Jealousy- The Greatest Indicator of Desire

Every year I take a group of dancers to a wonderful dance convention/competition called Dancemakers Inc. Local dance studios gather at the Opryland Hotel in Nashville to give their students an opportunity to take class from master teachers and to have their dances adjudicated by dance professionals.  Several years ago before I owned Ann Carroll School of Dance, I was walking through the hotel after the competition and I encountered a local dance studio owner, Ms. Tracy surrounded by her dancers and parents. She was congratulating them on a great performance and reminding them to thank their parents and to clean up after themselves in the dressing room.  I felt a pang in my chest, a yearning.  I didn’t understand.  Just a few minutes before I was walking to my car feeling quite proud of myself and the the dancers at our studio and now all of a sudden I felt unworthy and sad.  I had a great job as co-artistic director of the studio, lots of talented dancers and parents that respected me.  What more could I want?  And then I realized;  I was jealous.  It was in that jealous moment that I finally understood my great desire- I wanted my own dance studio.  Even though I had a great deal of say over what happened at the studio, it still wasn’t mine.  I was supporting a community of dance families that was created without me.  I would never be able to create my own studio culture without having my own studio.  From that moment on, without knowing how this dream would come to fruition, I worked hard in the direction of my goal.

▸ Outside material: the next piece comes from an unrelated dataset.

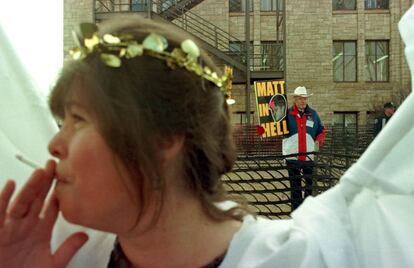 En mayo de 1999 finalizó el juicio por el asesinato de Matt Shepard. En esta imagen, Fred Phelps aparece a las afueras del juzgado con una pancarta que reza "Matt in hell". El lugar del dicho 'rot in hell' ('púdrete en el infierno'), el patriarca de los Phelps utiliza un juego de palabras que se podría traducir como: "Matt se pudre en el infierno".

Jealousy is usually considered a negative emotion, something that we should suppress, or worse yet not feel at all.  I believe that jealousy is the universe’s way of nudging us towards our dreams.  How can you get where you want to be without knowing what you want?  When we are jealous of someone, we have the opportunity to recognize a desire in ourselves.  Perhaps its something that you didn’t even know was possible to have or maybe it was something that you didn’t even know you wanted.  I wanted my own studio but it wasn’t until I felt jealous of Ms. Tracy that I truly acknowledged it.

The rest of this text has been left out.